# Goals:

**1. Develop a natural language processor capable of predicting the COLOR of a magic card based on the rules text of that card.**

**2. Develop a natural language processor capable of predicting the TYPE of a magic card based on the rules text of that card.**

In [1]:
# imports and display options
import pandas as pd
import numpy as np
import math
from math import sqrt

from sklearn.preprocessing import LabelEncoder, OneHotEncoder
from sklearn.linear_model import LinearRegression
from sklearn.metrics import mean_squared_error, explained_variance_score

import seaborn as sns
import matplotlib.pyplot as plt
%matplotlib inline

import warnings
warnings.filterwarnings("ignore")

import unicodedata
import re
import nltk
from nltk.corpus import stopwords

import prepare as p
# import explore as e
# import model as m

pd.set_option('display.max_colwidth', -1)

# Acquire

* Used file from previouse 
* A CSV, containing an up to date breakdown of each card that has been printed so far, was obtained from MTGJSON.com
* Each row represents a card or a version of a card
* The CSV was read into a pandas dataframe
* The original dataframe contained 50,412 rows and 71 columns

# Prepare (beginning)

The following steps were taken to prepare the data:

1. Restricted dataframe to relevant columns
 
2. Restricted dataframe to rows containing cards that exist in physical form

3. Restricted dataframe to row containing a flavor text

4. Restricted dataframe to rows with a single 'color identity' (see data dictionary Color)

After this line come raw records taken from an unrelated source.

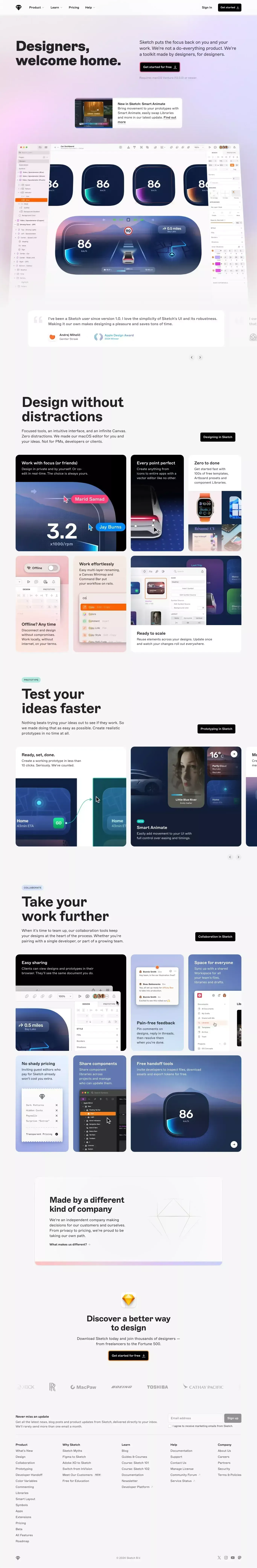Sketch · Design, prototype, collaborate and handoff - Landing design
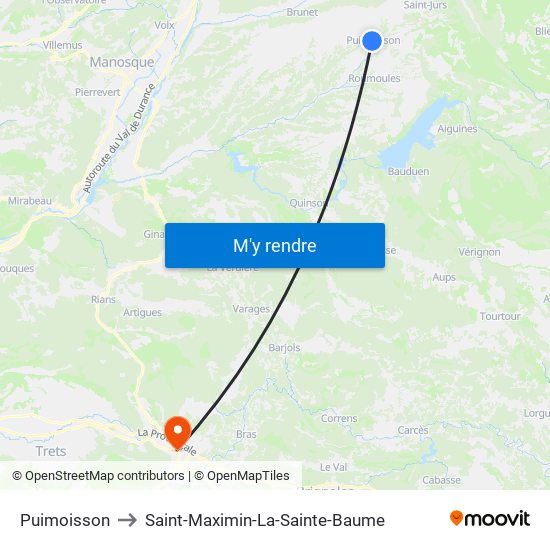 Puimoisson to Saint-Maximin-La-Sainte-Baume map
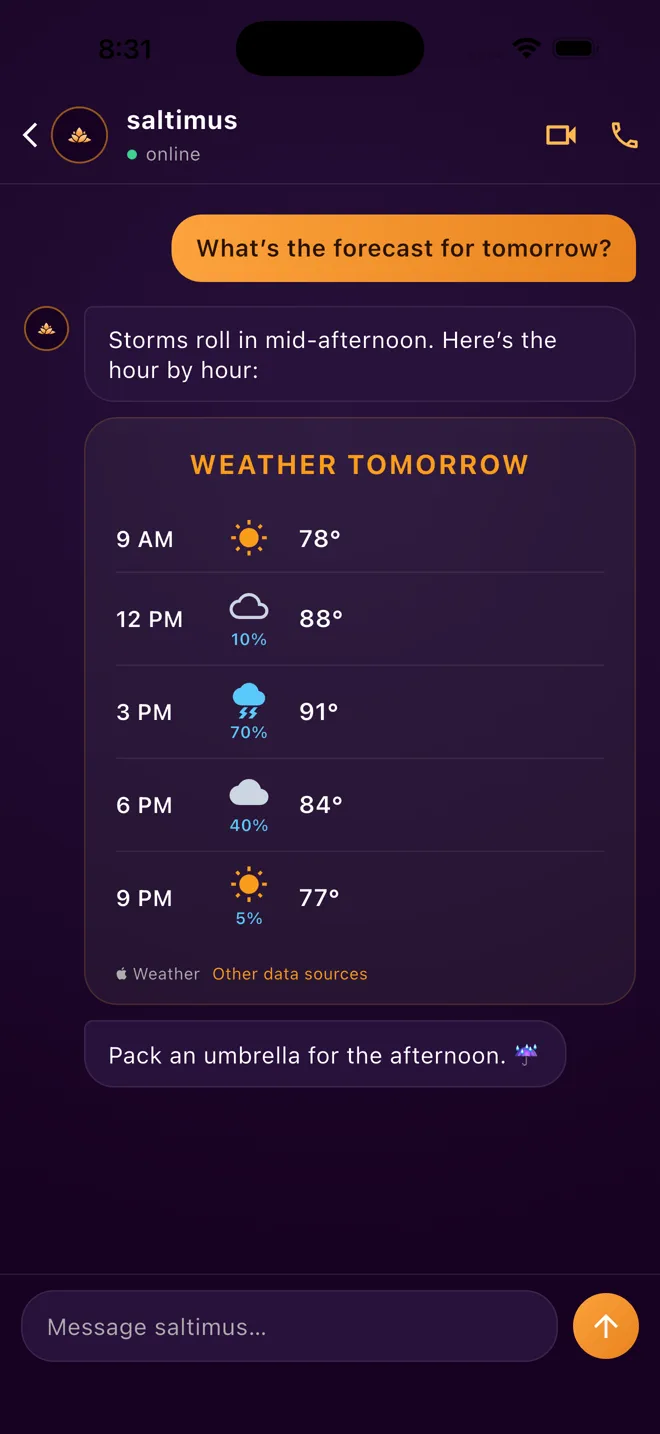 An hour-by-hour forecast card for tomorrow with temperatures and rain chances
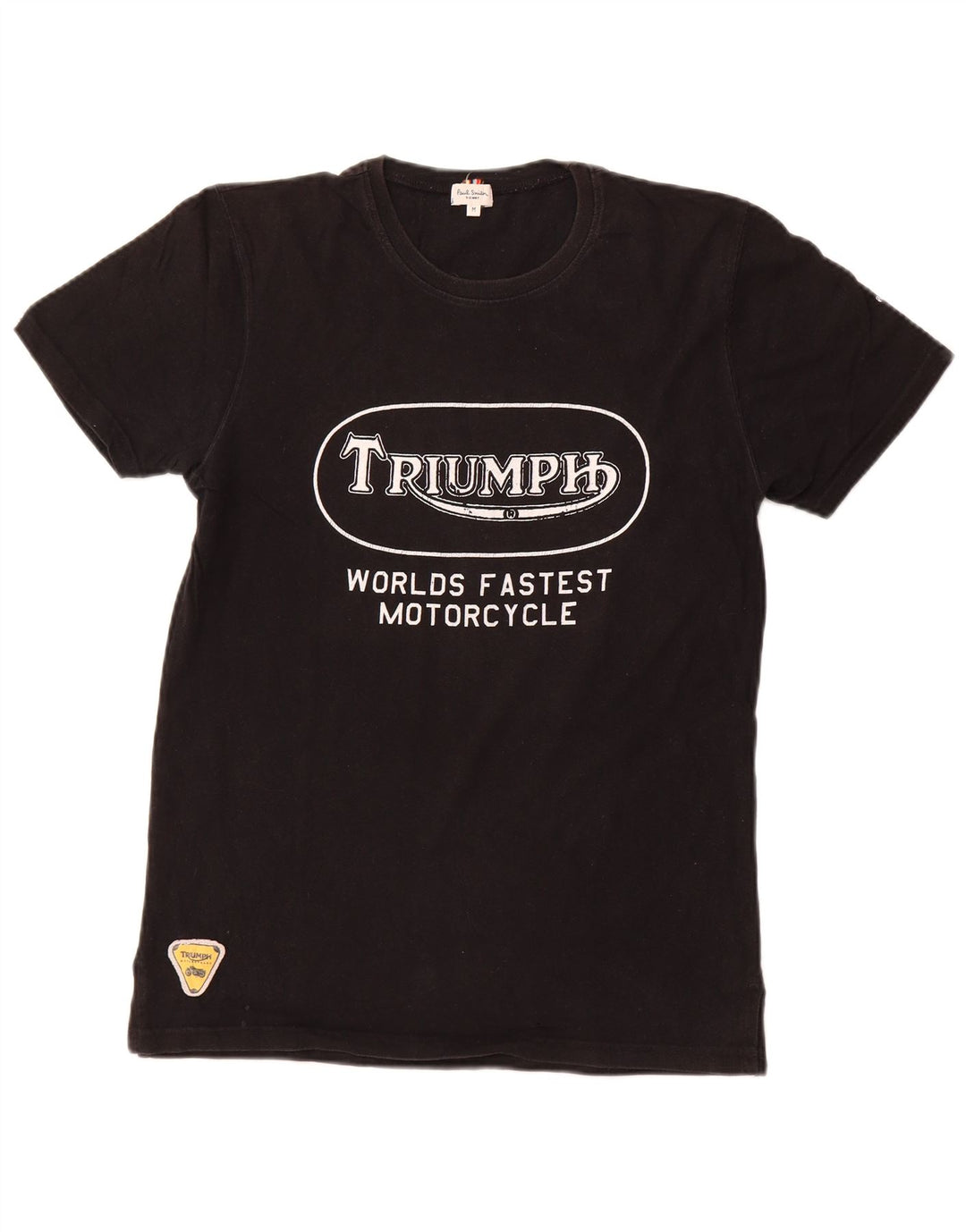 PAUL SMITH T-shirt graphique Triumph pour femme UK 12 en coton noir moyen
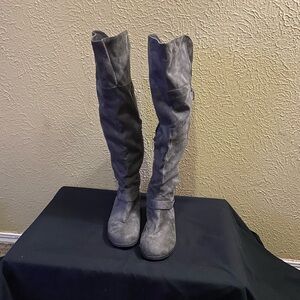 Gray Tall Fashion Boots
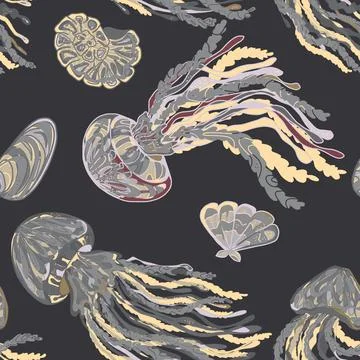 Sea animals vector seamless pattern. Bright graceful colorful textured jellyf Illustrazione stock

5. Merged rows containing multiple similer types into one of the seven major game types

6. Dropped rows containing multiple types that could not be merged

7. Cleaned up flavor text by removing quote attributions so could merge on flavor text and eliminate most of the duplicates 

8. Reordered columns

9. Dropped rows where the flavor text was not in english 

10. Dropped duplicate rows (I dropped all that I could find it is possible that some duplicates remain.)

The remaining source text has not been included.